The list of foreign words

Incoming text contains many foreign words. Used in isolation, as spontanous loans, they should be delt with by a POS guesser. Text chunks in foreign languages represent noise, though, and a good corpus should mark such chunks with xml tags (<foreign></foreign>, etc.). While waiting for that, and while developing our parser, we have a stoplist of foreign words. The list was made in the following way:

  1. Large lists of Norwegian, Swedish, Danish, Finnish and English words were sorted into one list, called gt/script/old-foreign.txt.
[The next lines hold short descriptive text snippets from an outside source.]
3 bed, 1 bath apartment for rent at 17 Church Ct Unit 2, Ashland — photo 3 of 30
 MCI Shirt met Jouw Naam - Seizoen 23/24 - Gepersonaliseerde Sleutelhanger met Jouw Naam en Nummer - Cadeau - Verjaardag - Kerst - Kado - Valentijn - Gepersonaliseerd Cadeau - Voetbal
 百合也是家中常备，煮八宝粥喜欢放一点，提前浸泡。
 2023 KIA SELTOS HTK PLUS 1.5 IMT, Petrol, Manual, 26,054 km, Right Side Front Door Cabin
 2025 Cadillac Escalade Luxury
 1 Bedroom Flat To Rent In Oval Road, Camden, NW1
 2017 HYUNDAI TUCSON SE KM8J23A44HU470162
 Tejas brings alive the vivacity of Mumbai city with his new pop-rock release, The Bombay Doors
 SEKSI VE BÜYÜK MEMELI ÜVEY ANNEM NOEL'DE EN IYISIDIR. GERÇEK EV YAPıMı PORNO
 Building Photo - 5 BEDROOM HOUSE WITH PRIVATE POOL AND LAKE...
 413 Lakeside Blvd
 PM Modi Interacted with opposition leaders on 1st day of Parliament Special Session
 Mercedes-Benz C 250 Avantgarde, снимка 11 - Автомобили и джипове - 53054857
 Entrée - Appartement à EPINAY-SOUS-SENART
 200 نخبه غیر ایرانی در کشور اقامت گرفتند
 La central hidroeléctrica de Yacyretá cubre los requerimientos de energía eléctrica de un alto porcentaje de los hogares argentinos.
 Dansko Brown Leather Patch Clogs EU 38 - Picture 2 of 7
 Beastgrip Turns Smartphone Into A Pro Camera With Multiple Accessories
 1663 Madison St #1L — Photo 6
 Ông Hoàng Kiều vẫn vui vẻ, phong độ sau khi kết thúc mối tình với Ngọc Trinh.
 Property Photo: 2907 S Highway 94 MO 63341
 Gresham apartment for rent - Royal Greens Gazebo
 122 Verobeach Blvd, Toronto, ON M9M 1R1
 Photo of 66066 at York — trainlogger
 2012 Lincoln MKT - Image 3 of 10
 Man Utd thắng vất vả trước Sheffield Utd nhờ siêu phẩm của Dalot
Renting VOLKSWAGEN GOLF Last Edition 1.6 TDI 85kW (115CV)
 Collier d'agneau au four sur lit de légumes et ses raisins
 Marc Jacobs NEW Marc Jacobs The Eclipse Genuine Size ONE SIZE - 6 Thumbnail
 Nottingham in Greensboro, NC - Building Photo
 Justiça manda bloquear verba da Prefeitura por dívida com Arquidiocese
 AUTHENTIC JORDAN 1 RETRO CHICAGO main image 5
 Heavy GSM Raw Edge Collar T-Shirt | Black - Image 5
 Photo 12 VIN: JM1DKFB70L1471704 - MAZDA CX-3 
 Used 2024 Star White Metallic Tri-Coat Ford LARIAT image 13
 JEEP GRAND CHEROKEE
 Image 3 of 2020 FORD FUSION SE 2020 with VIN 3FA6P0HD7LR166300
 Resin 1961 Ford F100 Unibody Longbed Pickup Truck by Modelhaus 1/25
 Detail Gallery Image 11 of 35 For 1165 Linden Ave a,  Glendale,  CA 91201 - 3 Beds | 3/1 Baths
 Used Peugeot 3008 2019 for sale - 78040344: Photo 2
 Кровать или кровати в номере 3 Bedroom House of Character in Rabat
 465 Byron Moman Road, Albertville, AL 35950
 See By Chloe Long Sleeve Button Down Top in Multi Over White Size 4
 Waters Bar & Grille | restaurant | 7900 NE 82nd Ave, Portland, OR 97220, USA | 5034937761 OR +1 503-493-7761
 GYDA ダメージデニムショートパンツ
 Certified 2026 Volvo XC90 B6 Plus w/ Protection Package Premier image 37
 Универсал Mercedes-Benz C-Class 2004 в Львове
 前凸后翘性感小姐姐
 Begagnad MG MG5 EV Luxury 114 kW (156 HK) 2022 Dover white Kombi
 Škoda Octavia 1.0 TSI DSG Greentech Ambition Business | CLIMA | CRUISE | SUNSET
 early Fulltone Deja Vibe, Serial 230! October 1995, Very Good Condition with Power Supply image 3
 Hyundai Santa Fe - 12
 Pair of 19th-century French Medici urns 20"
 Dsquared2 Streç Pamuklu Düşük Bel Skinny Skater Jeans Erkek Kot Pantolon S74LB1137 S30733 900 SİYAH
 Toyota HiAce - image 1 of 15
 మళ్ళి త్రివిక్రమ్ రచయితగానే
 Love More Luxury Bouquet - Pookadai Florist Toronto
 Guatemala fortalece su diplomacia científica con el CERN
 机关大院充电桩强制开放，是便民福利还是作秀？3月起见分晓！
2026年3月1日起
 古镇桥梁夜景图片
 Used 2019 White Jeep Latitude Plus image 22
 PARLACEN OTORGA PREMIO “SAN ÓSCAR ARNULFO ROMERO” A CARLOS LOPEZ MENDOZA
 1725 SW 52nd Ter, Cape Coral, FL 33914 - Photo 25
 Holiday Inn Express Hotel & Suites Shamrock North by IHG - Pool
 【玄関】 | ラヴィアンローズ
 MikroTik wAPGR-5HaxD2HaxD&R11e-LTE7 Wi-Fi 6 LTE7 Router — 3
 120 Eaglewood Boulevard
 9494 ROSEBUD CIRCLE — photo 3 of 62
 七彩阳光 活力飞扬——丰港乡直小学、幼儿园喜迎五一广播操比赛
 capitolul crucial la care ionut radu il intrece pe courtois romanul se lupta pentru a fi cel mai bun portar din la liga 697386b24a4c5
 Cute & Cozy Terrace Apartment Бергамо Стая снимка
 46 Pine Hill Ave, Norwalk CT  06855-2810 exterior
The list was duplicated by an identical list with capital initial letter (using case.regex gave too long compilation time)
  2. The list was run through sme.fst, and the overlapping words (abonnere, adagio, Adam, addere, etc.) were removed.
  3. In addition, a file gt/script/new-foreign.txt was added to the cvs, containing Non-Saami words from our corpus files.
  4. Each of these files were turned into fst files. Then the union of the two files was made into one binary file, foreign.fst

The compilation is included in the Makefile. The source files are in the gt/script catalogue, whereas the binary files are in the gt/sme/bin catalogue. Only foreign.fst should be used, the two other ones are intermediate files.

foreign.fst should be used as follows: When investigating Saami words that the parser cannot cope with, foreign words are just noise. They can be removed with this command line:

cat text | preprocess ... | lookup -flags mbTT sme.fst | grep \?' |
cut -f1 | foreign.fst | grep '\?' | cut -f1 | ...

Now, only the words which are not recognised by the parser, and not part of the stop list, are included.

The list of foreign words was cut in two because compilation time for the whole list is very long. The intention with the split is that old-foreign.txt should be left alone. All additional words should be added to the shorter new-foreign.txt file. If this file becomes too long, it may be transferred over to old-foreign.txt.